When responsibility does lie at the feet of the doctor, nurse or some other healthcare official, not just any apology will do. “If it’s scripted or if it sounds like some lawyer wrote it, I promise you, the family won’t bite,” says Doug Wojcieszak, founder of the Sorry Works! Coalition, an organization that promotes disclosure, apology and upfront compensation when warranted. “When something goes wrong to upset the patient or upset the family, the first thing to do is empathize: ‘I’m sorry this happened; we’re going to investigate.’ Even if you don’t think you made a mistake, empathize.” If the investigators find that the medical practitioners were at fault, “go back to the family and apologize.” Even if no fault is found, he recommends explaining the investigators’ findings to the family.
“It changes the discussion from, ‘I want to punish you; I want to get as much money from you as I can,’” to a conversation about what the patient and her family need. If there is fault, Wojcieszak adds, “money will still exchange hands, but it’s not a lottery ticket.” There also are savings in litigation costs and time, he notes. If cases do go to court and a patient has already turned down what seems like a reasonable offer of compensation, the hospital or doctor “isn’t the bad guy anymore.”

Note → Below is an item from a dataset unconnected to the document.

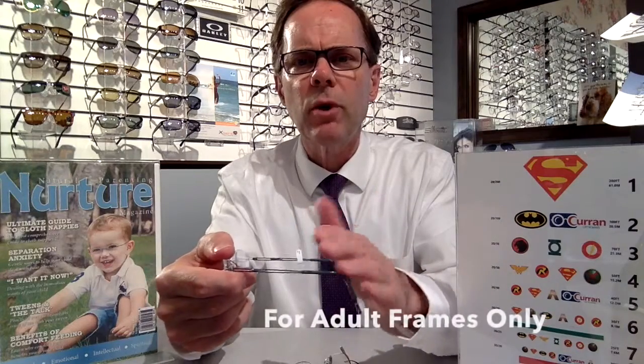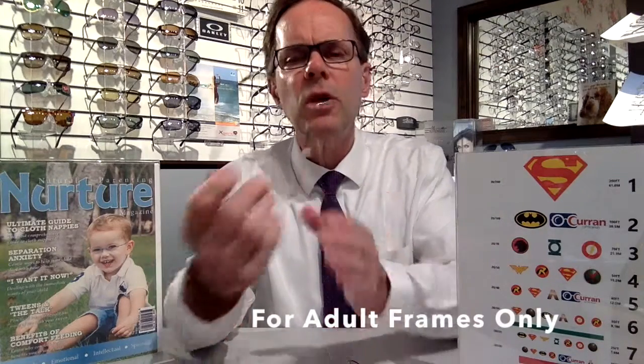Now generally on an adult frame, the bend for the temple tip is pretty much at a 45-degree angle — that's strictly for adults. With children it's a little bit different. We like to have the temple tip bend almost completely around the back of the ear, which just makes for a more secure fit for the child.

CHW representatives say they don’t know if lawsuits have decreased as a result of disclosure, but others who have adopted the policy say it has made a difference. The University of Michigan Health System reports that malpractice claims against its system fell from 121 in 2001 to 61 in 2006. Average time to process a claim decreased from 20 months to eight months and costs per claim were half as much. The VA Medical Center in Lexington, Ky., the pioneer in full disclosure, reported that in a 13-year period, the facility went to trial only three times and negotiated more than 170 settlements, the mean cost being $36,000 compared to $98,000 pre-trial, $248,000 at trial and $413,000 malpractice judgments at VA hospitals nationwide. On the other hand, a survey of legal, risk management and healthcare officials by a group of Harvard researchers led by David Studdert found that there was a 95 percent chance that total claim volume would increase with full disclosure policies.
Wojcieszak, of Sorry Works!, says the study is flawed in large part because the researchers did not contact any institutions that practice full disclosure. From what he has seen, Wojcieszak adds, the policy works for both patients and hospitals and the apology philosophy can work in cases far beyond medical malpractice. “This is so applicable to every walk of life,” he says. “When you talk about disputes in general, whether medical malpractice or business, it’s about a breakdown in communication, a breakdown in trust.”